If you have a considerable amount of debt, you could be paying high premium for it. Transferring a $4000 debt, for instance, will get you close to $200 in fees. Even worse, a few of these cards will tack the charges as part of your new balance. If possible, only do balance transfers on cards which put a cap on their fees.
December 2nd, 2008

Transferring your balance from a high-interest credit card to another one that offers better interest rates can save you thousands of dollars over the lifetime of the money you owe. Plenty of cards offer really low rates with some even giving you a zero-percent rate on balance transfers. While doing a balance transfer is usually good, it can cause a bit of trouble if you don’t take careful watch of you’re getting into.
Some Credit Cards Have A Time Limit On Balance Transfer Interest Rates
Most cards only offer the low or zero interest on the transferred amount for a certain time, like six months to a year. If part of the balance remains after the set period, you’re going to end up paying interest in full. If the updated rate will be lower or the same as your current credit card, it may be okay. If it’s considerably higher though, you might want to give it some more thought.
Using The New Credit Card For New Purchases
Majority of cards will give you the low interest rates for the transferred balance only while charging even higher rates for new charges to the card. Not a problem, right? It’s still a good deal that allows you a lot of savings for the current balance you’ve incurred with your current credit card.

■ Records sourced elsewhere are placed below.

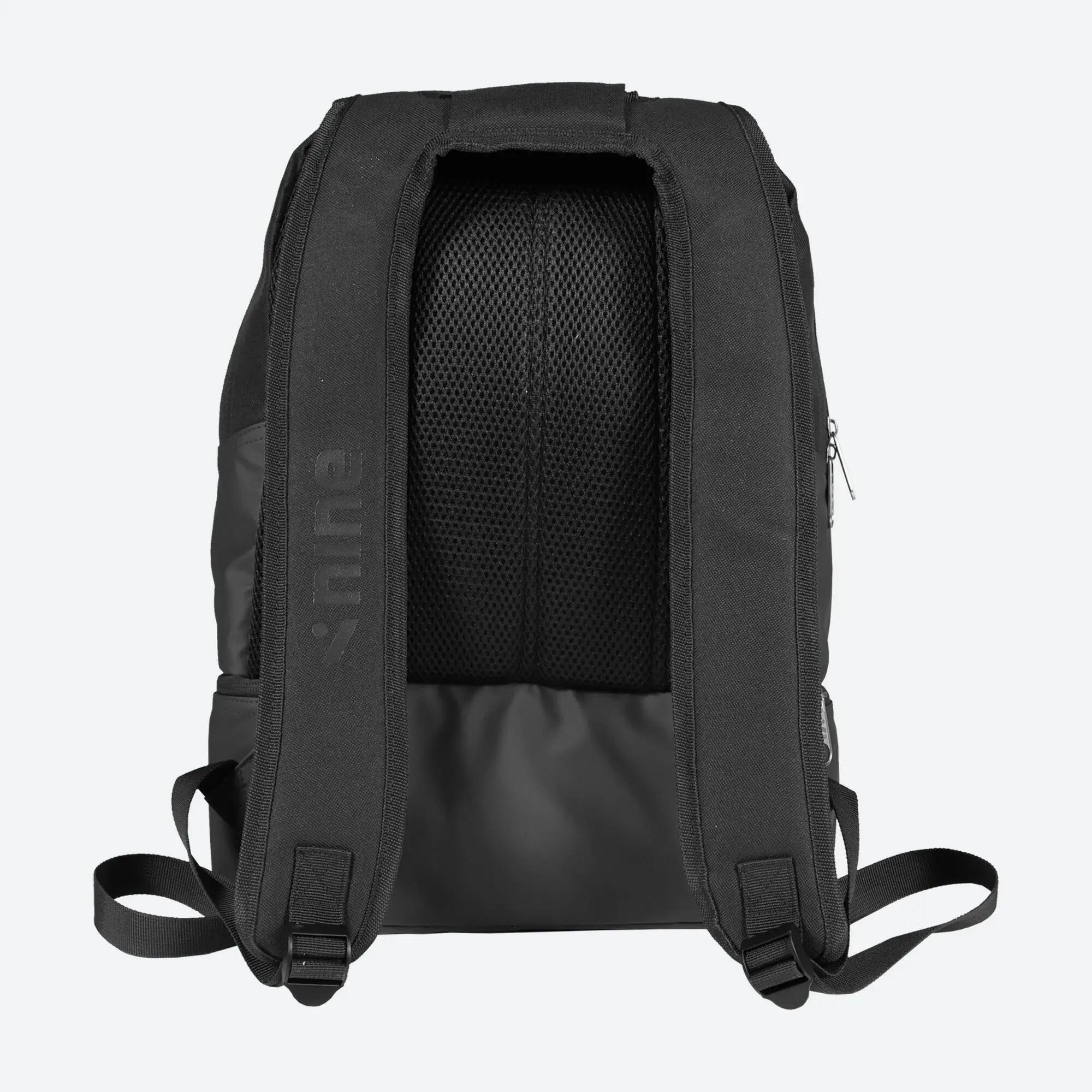 Mochila de voleibol e ginásio com compartimento para calçado DECK 2 preta 3/7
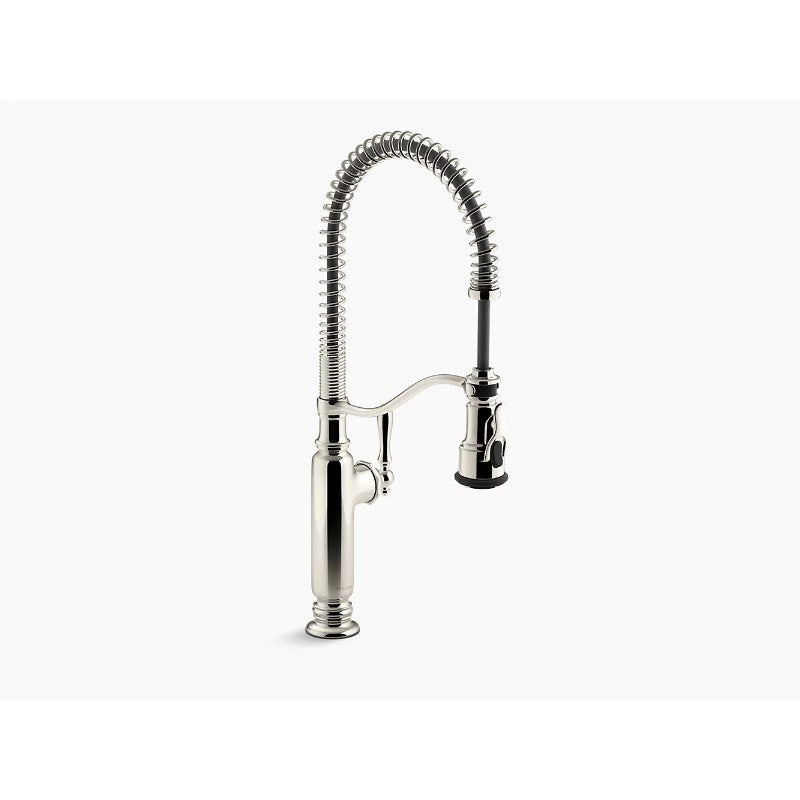 Tournant Single-Handle Pre-Rinse Kitchen Faucet in Vibrant Polished Nickel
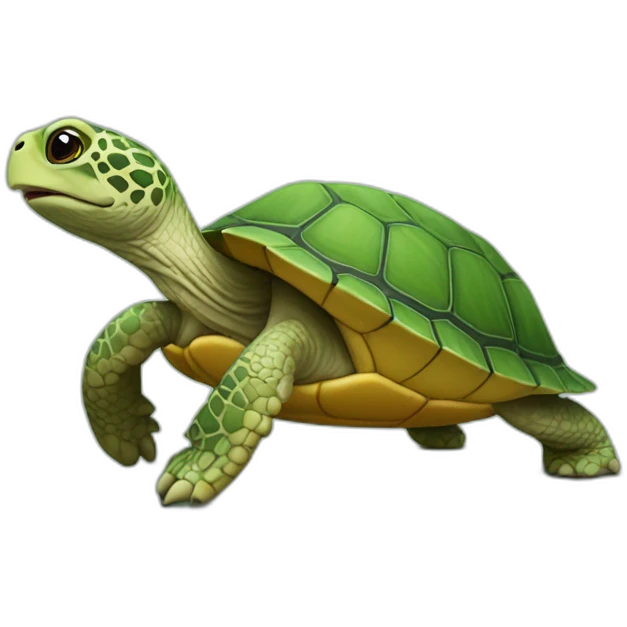 Chat sur tortue emoji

When you transfer a large balance onto a new card, however, using it to make new purchases can lead to very high interest payments later on. Any payments you make to the new credit card will usually be charged to the old balance, which means all your recent purchases will continually pile up interest until the transferred amount is cleared. That can mean a considerable amount of interest payments tack on that you’ll be forking up money for in the long run.
December 1st, 2008

The annual fee is a charge that the card issuer bills to your account annually, usually on your membership anniversary date. Most regular credit cards will have fees in the $18 to $20 range while premium cards (gold and special rewards) can go from between $35 and $50. Some cards with a great rewards package charge as much as $100 in annual fee as does many credit cards intended for customers with bad credit. Make sure to check the annual fee for a particular credit card before applying.
Fees are usually free on the first year to entice you to sign up. Once the fee is charged in the next year, you usually barely even notice.
Some credit cards will offer to give you a card with no annual fees for certain conditions. For instance, some cards will waive the fee for life if you transfer a balance of 1000 or more from another credit card. If the issuer promises to waive your annual fee for life, make sure to check your bills anyway. You never know when an accidental billing can occur.
Credit cards with rewards programs sometimes allow members to pay the annual fee using some of the accumulated rewards points. Check with your credit card and make sure to inform them that you want this done once your anniversary date is near.
Many customers get their annual fees waived by threatening to cancel the card if the issuer insists on charging it. If you do this, make sure to call before the fee is charged to your statement not after - it’s usually harder to get it waived when it’s already reflected on your bill. In some cases, the issuer will send you a gift certificate instead that’s equal to the amount charged for the annual fee to entice you to keep the credit card.